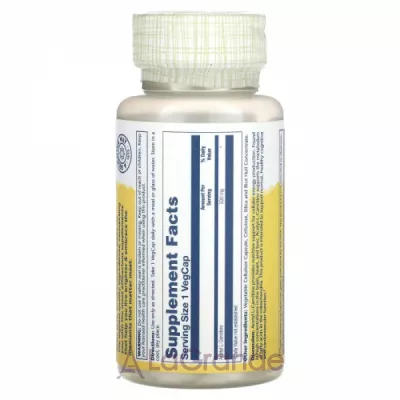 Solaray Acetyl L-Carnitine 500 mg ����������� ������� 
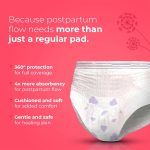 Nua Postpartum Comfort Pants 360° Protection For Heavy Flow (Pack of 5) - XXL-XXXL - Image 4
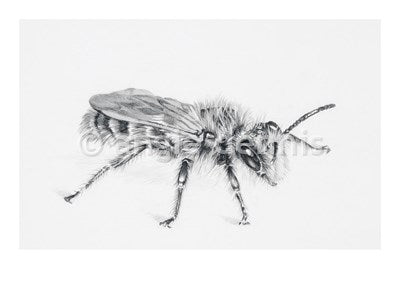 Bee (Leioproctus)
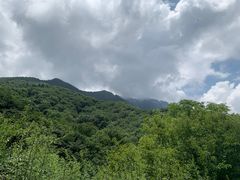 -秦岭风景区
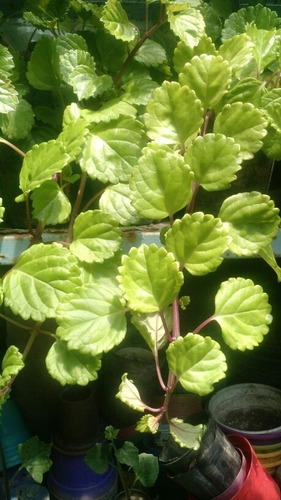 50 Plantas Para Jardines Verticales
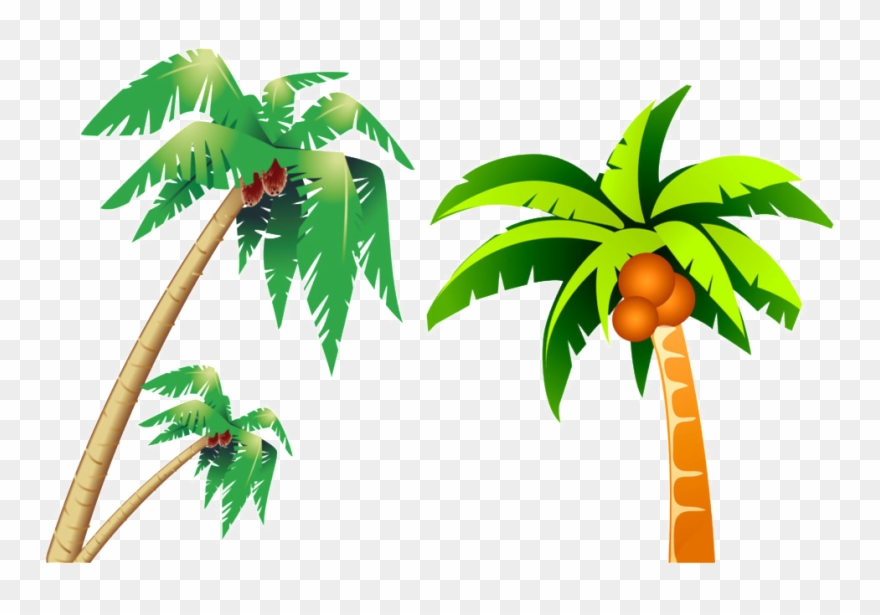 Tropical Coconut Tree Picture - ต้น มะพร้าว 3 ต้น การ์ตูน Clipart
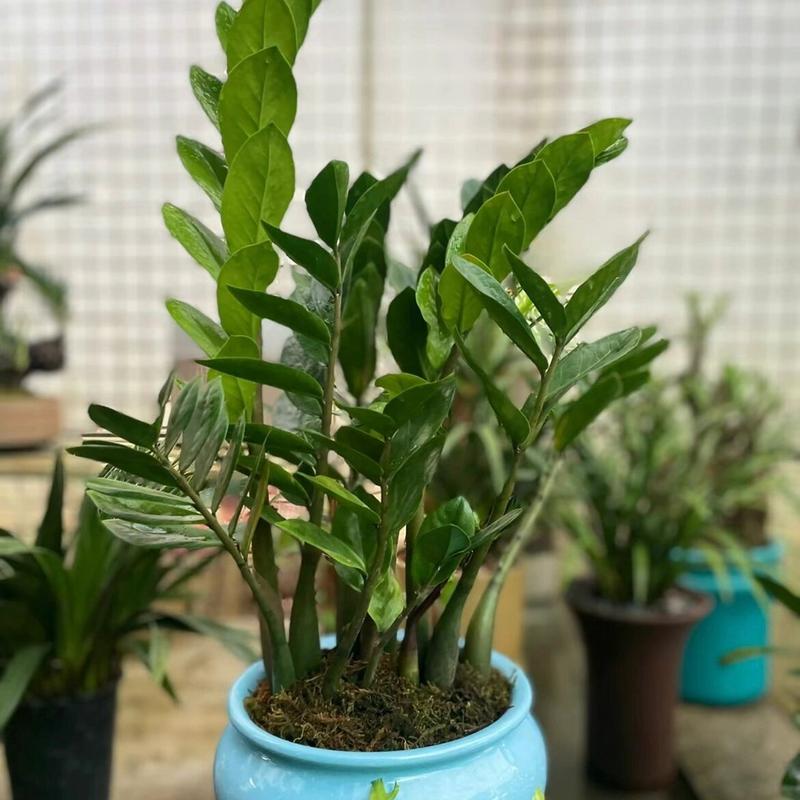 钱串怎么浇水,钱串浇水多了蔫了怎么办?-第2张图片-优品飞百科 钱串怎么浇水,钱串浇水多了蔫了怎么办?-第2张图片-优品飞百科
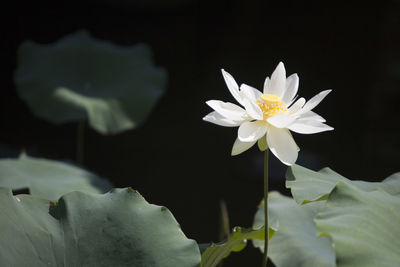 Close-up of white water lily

========================================

WHAT TO PRODUCE. Return nothing except the lines from the one containing "Nua Postpartum Comfort" through the final line of the data, copied exactly. Leave out all pictures.

ANSWER SPACE.
 Nua Postpartum Comfort Pants 360° Protection For Heavy Flow (Pack of 5) - XXL-XXXL - Image 4
 Bee (Leioproctus)
 -秦岭风景区
 50 Plantas Para Jardines Verticales
 Tropical Coconut Tree Picture - ต้น มะพร้าว 3 ต้น การ์ตูน Clipart
 钱串怎么浇水,钱串浇水多了蔫了怎么办?-第2张图片-优品飞百科 钱串怎么浇水,钱串浇水多了蔫了怎么办?-第2张图片-优品飞百科
 Close-up of white water lily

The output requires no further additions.